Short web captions
----

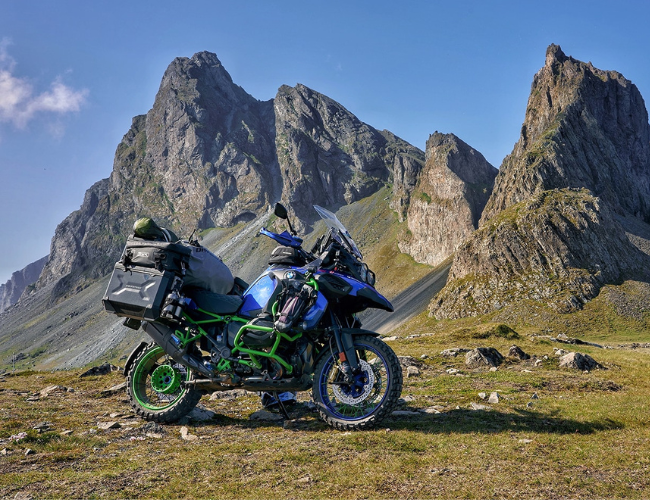 Adventure touring motorcycle with luggage setup in mountain landscape, featured by Machinehead Moto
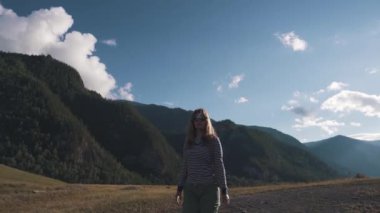 bir turist kız yakın çekim portresi. Bir gezgin bir sırt çantası ve dağlık arazi giyen güneş gözlüğü yürür.
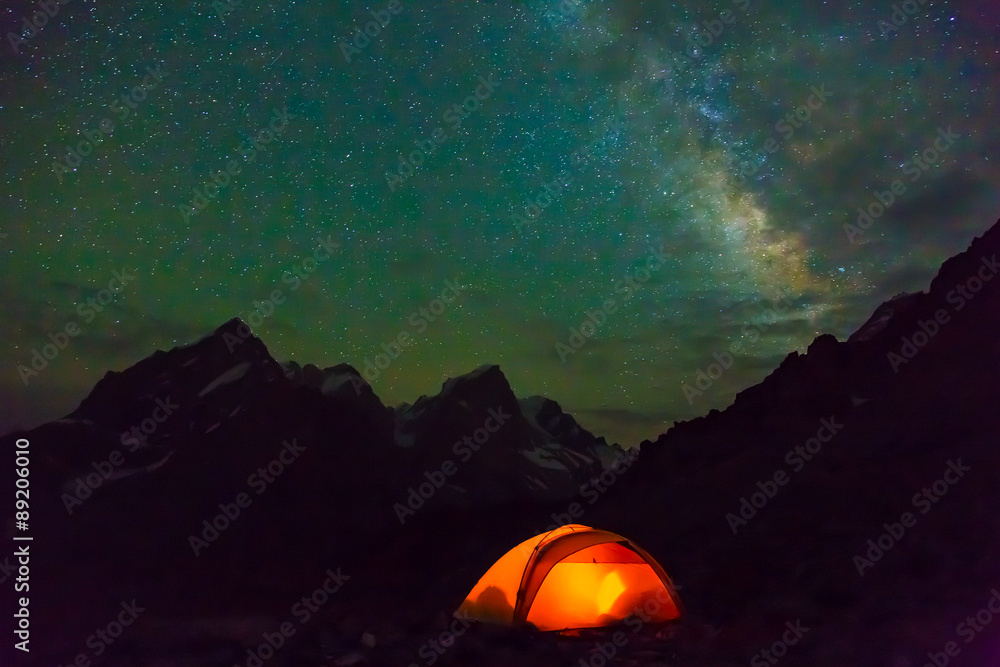 Night mountain landscape with illuminated tent.
Silhouettes of snowy mountain peaks and edges night sky with many stars and milky way on background illuminated orange tent on foreground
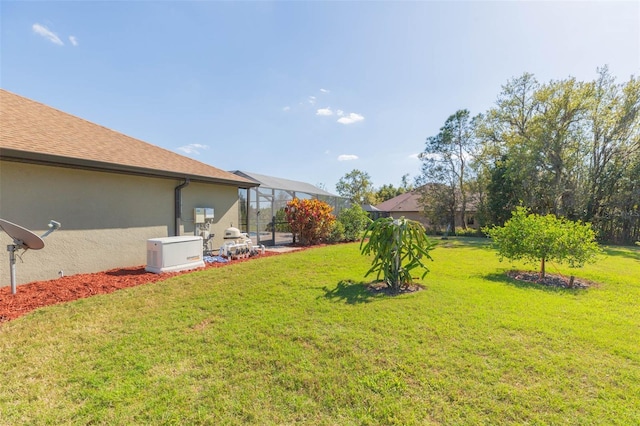 view of yard with a lanai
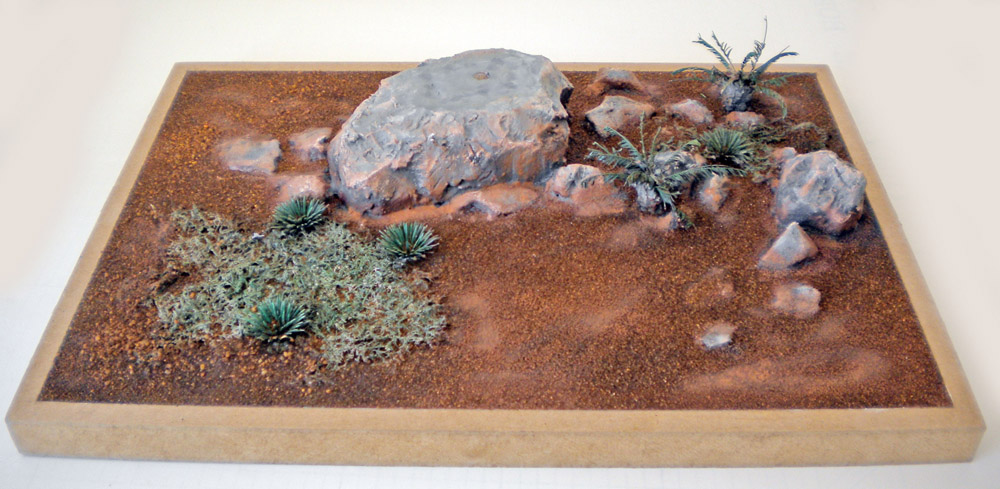 Diorama de sol désertique ocre avec gros rocher, pierres et végétation pour maquette de Velociraptor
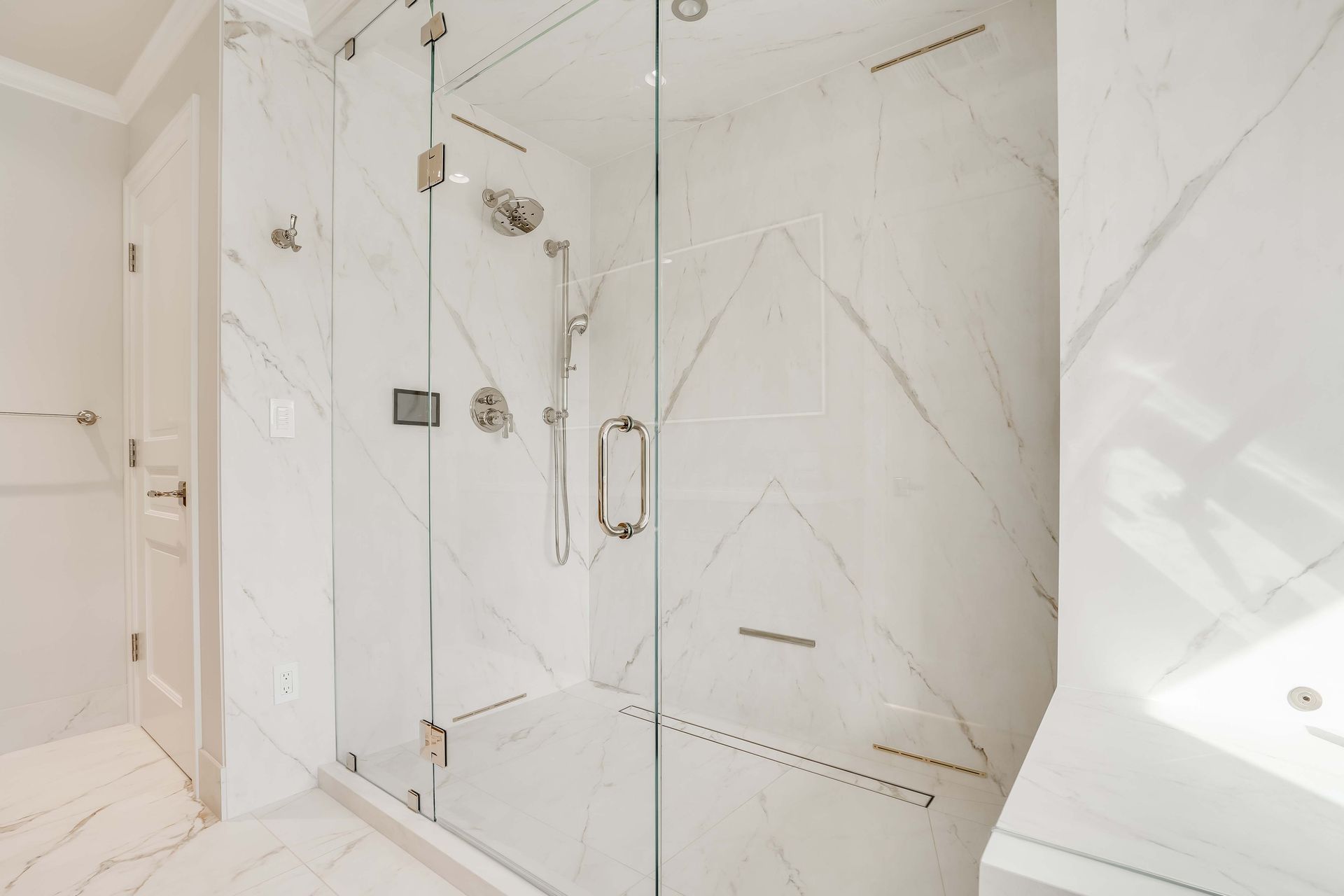 Spacious marble bathroom with glass shower. Shower has rain head and handheld, chrome fixtures.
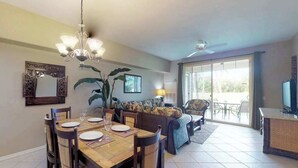 A dining area with a wooden table, chairs, and a chandelier. There is a sofa and a television in the living area. - *NEW* Fall Sale Garden-Level Fairway Stay by Kings' Shops and A-Bay (Waikoloa)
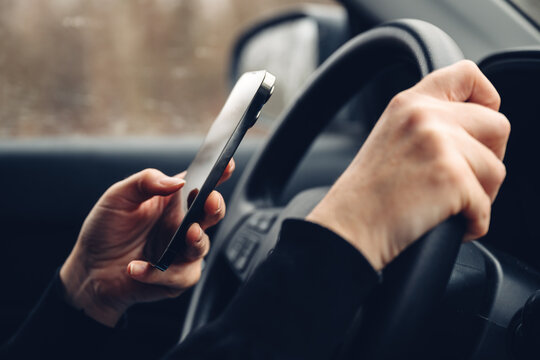 Closeup of female hands typing text message on cell phone while driving car through countryside landscape in winter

----

→ **REQUIRED ACTION**
Give an exact copy of the line containing "view of yard with a lanai" and every line after it through the end of the entries. Pictures are to be dropped.

→ **RESPONSE**
 view of yard with a lanai
 Diorama de sol désertique ocre avec gros rocher, pierres et végétation pour maquette de Velociraptor
 Spacious marble bathroom with glass shower. Shower has rain head and handheld, chrome fixtures.
 A dining area with a wooden table, chairs, and a chandelier. There is a sofa and a television in the living area. - *NEW* Fall Sale Garden-Level Fairway Stay by Kings' Shops and A-Bay (Waikoloa)
 Closeup of female hands typing text message on cell phone while driving car through countryside landscape in winter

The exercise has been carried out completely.